From the entries below, retype only the lines from the one with "IMMUN*-BIENCHEN - Succo" through the one with "Lamb Leather Vest with Satin Sash", exactly as written.
-- The data follows --
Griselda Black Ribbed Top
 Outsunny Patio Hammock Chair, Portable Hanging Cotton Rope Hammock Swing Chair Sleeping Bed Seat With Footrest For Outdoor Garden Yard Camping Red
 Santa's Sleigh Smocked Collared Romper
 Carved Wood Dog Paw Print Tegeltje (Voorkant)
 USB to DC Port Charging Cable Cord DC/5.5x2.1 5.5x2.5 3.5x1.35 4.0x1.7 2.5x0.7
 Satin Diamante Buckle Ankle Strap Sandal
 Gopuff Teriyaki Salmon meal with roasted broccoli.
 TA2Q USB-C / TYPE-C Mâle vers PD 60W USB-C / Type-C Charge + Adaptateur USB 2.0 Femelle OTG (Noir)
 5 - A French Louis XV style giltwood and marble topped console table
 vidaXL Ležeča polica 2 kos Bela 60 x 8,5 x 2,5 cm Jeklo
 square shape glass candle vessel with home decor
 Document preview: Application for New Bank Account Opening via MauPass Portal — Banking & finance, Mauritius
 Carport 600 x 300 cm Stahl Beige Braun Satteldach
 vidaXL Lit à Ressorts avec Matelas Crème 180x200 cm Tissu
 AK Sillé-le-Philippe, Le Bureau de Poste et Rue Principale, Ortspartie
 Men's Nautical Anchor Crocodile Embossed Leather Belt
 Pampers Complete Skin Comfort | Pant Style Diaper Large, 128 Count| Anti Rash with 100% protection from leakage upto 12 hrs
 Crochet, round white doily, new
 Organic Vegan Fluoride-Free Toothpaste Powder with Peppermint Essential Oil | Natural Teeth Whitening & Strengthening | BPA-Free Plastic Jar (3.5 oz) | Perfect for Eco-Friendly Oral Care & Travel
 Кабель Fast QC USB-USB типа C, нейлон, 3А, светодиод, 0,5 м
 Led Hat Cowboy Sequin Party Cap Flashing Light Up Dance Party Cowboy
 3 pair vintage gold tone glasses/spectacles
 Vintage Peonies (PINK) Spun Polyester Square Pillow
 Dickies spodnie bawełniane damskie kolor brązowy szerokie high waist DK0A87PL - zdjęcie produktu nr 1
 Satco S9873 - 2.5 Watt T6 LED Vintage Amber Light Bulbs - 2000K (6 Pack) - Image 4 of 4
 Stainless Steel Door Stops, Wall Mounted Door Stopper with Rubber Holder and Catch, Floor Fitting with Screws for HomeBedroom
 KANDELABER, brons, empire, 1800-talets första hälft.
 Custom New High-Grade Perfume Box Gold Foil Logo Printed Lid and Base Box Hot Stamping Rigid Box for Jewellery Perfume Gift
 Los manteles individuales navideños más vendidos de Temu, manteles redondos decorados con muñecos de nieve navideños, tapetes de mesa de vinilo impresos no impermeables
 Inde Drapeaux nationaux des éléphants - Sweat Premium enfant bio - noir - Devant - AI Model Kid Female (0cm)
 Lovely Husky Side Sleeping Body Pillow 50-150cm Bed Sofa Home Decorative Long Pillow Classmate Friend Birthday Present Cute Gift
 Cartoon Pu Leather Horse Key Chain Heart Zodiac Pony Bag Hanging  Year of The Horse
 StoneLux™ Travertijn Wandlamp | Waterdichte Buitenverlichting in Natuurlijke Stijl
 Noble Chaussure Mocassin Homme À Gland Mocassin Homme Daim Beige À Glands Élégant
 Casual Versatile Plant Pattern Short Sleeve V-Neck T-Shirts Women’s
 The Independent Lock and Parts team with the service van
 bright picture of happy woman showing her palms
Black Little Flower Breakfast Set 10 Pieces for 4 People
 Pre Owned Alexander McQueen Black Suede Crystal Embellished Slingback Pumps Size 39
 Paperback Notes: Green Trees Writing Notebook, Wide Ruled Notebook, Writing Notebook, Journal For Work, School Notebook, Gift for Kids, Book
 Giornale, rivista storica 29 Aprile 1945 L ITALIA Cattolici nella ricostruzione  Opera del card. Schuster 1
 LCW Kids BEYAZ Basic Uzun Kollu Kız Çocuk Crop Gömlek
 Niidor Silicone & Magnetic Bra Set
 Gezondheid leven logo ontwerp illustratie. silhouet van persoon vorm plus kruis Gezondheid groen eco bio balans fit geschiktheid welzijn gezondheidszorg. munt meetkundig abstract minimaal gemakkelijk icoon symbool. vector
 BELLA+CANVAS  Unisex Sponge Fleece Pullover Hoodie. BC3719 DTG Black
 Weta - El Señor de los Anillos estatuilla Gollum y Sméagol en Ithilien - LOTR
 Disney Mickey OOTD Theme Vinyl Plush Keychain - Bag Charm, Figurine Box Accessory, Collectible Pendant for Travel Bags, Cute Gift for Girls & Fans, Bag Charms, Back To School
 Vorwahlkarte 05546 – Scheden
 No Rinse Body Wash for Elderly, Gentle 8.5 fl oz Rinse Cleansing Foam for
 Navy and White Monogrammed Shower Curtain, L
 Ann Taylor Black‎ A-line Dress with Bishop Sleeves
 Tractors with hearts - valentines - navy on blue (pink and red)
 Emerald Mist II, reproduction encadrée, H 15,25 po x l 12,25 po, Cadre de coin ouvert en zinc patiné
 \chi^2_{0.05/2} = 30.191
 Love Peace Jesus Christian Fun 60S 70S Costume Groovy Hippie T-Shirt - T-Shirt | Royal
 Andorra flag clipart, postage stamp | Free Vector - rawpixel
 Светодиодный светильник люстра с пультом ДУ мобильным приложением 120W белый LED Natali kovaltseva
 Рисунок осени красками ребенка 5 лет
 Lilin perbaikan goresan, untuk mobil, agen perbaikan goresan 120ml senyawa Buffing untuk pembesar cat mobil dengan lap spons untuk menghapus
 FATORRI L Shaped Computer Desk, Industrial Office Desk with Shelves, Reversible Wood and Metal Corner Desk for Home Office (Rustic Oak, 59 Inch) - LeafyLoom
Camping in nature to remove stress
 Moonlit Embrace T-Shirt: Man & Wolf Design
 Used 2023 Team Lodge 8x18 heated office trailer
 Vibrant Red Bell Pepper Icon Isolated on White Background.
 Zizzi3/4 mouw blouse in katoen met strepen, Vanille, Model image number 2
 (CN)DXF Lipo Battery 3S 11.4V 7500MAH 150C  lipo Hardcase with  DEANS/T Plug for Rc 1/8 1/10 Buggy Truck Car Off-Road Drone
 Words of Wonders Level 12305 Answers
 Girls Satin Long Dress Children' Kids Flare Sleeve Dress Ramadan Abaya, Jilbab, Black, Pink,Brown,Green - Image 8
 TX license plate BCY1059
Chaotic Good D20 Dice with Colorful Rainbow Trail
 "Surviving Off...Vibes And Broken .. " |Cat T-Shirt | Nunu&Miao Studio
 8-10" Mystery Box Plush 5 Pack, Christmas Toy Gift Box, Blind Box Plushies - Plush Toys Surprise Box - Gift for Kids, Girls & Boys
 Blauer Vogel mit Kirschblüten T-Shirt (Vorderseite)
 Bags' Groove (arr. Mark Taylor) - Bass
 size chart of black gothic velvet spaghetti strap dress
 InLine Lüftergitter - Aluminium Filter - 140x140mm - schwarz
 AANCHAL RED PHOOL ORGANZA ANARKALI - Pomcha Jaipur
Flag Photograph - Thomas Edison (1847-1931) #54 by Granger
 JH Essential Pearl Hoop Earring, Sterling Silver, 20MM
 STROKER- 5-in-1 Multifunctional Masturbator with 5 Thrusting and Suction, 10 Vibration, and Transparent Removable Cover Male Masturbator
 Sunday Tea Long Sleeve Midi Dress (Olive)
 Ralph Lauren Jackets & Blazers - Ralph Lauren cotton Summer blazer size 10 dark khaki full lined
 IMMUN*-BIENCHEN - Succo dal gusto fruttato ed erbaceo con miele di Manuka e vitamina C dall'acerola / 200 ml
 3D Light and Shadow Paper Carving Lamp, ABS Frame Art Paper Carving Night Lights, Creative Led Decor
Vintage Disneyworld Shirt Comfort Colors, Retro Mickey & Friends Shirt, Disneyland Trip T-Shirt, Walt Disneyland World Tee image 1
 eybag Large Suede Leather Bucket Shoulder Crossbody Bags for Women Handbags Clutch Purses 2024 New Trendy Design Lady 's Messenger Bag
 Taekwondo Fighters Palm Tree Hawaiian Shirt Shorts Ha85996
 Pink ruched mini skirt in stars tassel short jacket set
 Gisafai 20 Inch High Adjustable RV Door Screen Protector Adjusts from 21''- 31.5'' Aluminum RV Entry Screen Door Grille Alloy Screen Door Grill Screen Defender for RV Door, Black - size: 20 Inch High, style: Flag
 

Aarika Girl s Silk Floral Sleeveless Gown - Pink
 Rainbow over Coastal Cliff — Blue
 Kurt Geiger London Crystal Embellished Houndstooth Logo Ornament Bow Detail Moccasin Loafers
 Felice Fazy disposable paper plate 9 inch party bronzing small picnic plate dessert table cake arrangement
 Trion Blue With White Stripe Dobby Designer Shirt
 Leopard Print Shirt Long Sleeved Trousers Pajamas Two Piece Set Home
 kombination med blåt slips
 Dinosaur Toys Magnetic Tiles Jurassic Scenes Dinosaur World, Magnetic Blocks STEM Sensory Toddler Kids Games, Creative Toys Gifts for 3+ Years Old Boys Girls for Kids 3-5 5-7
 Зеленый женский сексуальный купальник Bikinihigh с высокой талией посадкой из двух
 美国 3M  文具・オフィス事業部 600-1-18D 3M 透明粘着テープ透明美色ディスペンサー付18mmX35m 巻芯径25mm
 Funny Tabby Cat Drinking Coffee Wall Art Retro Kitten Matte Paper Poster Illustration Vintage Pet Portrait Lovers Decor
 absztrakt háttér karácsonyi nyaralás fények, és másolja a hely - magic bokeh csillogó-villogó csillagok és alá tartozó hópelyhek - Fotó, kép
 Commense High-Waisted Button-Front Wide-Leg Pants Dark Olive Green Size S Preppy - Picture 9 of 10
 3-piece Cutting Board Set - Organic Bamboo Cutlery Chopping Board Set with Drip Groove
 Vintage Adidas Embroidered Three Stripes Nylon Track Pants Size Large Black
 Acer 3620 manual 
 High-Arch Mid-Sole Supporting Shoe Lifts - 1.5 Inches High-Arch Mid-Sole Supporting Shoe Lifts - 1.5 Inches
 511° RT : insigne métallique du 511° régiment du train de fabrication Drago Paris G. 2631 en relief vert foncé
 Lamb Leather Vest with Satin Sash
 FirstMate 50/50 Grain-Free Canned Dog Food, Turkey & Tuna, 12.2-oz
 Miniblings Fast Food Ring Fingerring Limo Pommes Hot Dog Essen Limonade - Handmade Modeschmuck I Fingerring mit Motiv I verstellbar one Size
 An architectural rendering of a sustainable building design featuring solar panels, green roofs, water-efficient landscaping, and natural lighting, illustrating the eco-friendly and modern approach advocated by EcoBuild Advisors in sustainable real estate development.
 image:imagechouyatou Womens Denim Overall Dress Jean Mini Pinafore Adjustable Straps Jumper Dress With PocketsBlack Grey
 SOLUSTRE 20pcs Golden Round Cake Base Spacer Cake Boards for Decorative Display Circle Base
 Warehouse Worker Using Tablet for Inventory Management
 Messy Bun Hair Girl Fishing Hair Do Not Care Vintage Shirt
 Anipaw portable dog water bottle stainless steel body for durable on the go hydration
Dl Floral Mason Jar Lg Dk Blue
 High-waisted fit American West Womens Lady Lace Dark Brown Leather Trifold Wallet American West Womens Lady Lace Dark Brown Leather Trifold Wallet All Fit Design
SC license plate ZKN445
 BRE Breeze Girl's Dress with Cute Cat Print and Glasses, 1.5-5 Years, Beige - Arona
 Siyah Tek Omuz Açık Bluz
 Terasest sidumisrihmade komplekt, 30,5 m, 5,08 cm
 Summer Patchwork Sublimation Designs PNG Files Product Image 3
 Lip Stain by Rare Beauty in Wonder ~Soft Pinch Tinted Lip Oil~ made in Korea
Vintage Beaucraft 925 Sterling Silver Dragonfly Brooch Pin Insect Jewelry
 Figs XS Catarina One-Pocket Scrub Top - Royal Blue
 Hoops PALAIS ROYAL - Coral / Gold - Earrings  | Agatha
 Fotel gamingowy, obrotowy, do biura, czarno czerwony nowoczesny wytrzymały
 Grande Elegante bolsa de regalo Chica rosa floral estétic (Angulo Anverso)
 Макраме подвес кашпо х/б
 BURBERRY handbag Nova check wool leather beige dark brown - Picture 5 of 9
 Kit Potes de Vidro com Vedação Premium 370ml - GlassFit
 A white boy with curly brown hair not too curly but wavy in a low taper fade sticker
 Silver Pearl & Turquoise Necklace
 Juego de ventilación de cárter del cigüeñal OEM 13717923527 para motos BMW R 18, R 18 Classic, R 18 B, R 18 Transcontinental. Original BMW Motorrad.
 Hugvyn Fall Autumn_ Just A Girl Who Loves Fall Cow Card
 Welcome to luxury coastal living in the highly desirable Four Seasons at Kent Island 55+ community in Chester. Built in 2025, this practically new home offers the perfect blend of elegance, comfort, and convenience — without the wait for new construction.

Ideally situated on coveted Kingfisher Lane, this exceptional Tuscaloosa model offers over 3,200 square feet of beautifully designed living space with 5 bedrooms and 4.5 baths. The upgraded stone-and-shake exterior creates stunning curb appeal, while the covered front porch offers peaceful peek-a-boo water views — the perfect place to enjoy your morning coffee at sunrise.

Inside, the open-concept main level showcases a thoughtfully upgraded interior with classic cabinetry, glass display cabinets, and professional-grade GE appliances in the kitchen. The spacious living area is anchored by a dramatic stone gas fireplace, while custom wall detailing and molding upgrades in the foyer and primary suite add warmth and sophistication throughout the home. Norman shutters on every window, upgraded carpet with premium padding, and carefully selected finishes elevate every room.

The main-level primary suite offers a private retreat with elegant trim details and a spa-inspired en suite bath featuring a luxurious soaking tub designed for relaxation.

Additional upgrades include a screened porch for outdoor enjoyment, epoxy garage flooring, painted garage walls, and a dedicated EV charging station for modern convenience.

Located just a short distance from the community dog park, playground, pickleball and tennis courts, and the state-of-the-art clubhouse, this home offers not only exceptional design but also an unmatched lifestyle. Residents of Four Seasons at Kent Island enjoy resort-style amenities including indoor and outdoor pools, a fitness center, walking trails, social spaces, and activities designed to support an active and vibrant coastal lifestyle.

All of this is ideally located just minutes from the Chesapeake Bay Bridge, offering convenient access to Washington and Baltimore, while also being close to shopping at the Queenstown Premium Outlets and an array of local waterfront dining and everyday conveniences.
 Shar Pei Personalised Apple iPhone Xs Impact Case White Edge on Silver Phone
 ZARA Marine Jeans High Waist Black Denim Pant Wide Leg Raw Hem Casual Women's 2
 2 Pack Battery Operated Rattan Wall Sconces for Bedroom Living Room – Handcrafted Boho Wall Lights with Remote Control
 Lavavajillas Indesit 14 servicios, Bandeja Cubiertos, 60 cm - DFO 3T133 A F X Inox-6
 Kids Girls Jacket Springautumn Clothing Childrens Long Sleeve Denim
-- The data concluded --
Result of this exercise:
 IMMUN*-BIENCHEN - Succo dal gusto fruttato ed erbaceo con miele di Manuka e vitamina C dall'acerola / 200 ml
 3D Light and Shadow Paper Carving Lamp, ABS Frame Art Paper Carving Night Lights, Creative Led Decor
Vintage Disneyworld Shirt Comfort Colors, Retro Mickey & Friends Shirt, Disneyland Trip T-Shirt, Walt Disneyland World Tee image 1
 eybag Large Suede Leather Bucket Shoulder Crossbody Bags for Women Handbags Clutch Purses 2024 New Trendy Design Lady 's Messenger Bag
 Taekwondo Fighters Palm Tree Hawaiian Shirt Shorts Ha85996
 Pink ruched mini skirt in stars tassel short jacket set
 Gisafai 20 Inch High Adjustable RV Door Screen Protector Adjusts from 21''- 31.5'' Aluminum RV Entry Screen Door Grille Alloy Screen Door Grill Screen Defender for RV Door, Black - size: 20 Inch High, style: Flag
 

Aarika Girl s Silk Floral Sleeveless Gown - Pink
 Rainbow over Coastal Cliff — Blue
 Kurt Geiger London Crystal Embellished Houndstooth Logo Ornament Bow Detail Moccasin Loafers
 Felice Fazy disposable paper plate 9 inch party bronzing small picnic plate dessert table cake arrangement
 Trion Blue With White Stripe Dobby Designer Shirt
 Leopard Print Shirt Long Sleeved Trousers Pajamas Two Piece Set Home
 kombination med blåt slips
 Dinosaur Toys Magnetic Tiles Jurassic Scenes Dinosaur World, Magnetic Blocks STEM Sensory Toddler Kids Games, Creative Toys Gifts for 3+ Years Old Boys Girls for Kids 3-5 5-7
 Зеленый женский сексуальный купальник Bikinihigh с высокой талией посадкой из двух
 美国 3M  文具・オフィス事業部 600-1-18D 3M 透明粘着テープ透明美色ディスペンサー付18mmX35m 巻芯径25mm
 Funny Tabby Cat Drinking Coffee Wall Art Retro Kitten Matte Paper Poster Illustration Vintage Pet Portrait Lovers Decor
 absztrakt háttér karácsonyi nyaralás fények, és másolja a hely - magic bokeh csillogó-villogó csillagok és alá tartozó hópelyhek - Fotó, kép
 Commense High-Waisted Button-Front Wide-Leg Pants Dark Olive Green Size S Preppy - Picture 9 of 10
 3-piece Cutting Board Set - Organic Bamboo Cutlery Chopping Board Set with Drip Groove
 Vintage Adidas Embroidered Three Stripes Nylon Track Pants Size Large Black
 Acer 3620 manual 
 High-Arch Mid-Sole Supporting Shoe Lifts - 1.5 Inches High-Arch Mid-Sole Supporting Shoe Lifts - 1.5 Inches
 511° RT : insigne métallique du 511° régiment du train de fabrication Drago Paris G. 2631 en relief vert foncé
 Lamb Leather Vest with Satin Sash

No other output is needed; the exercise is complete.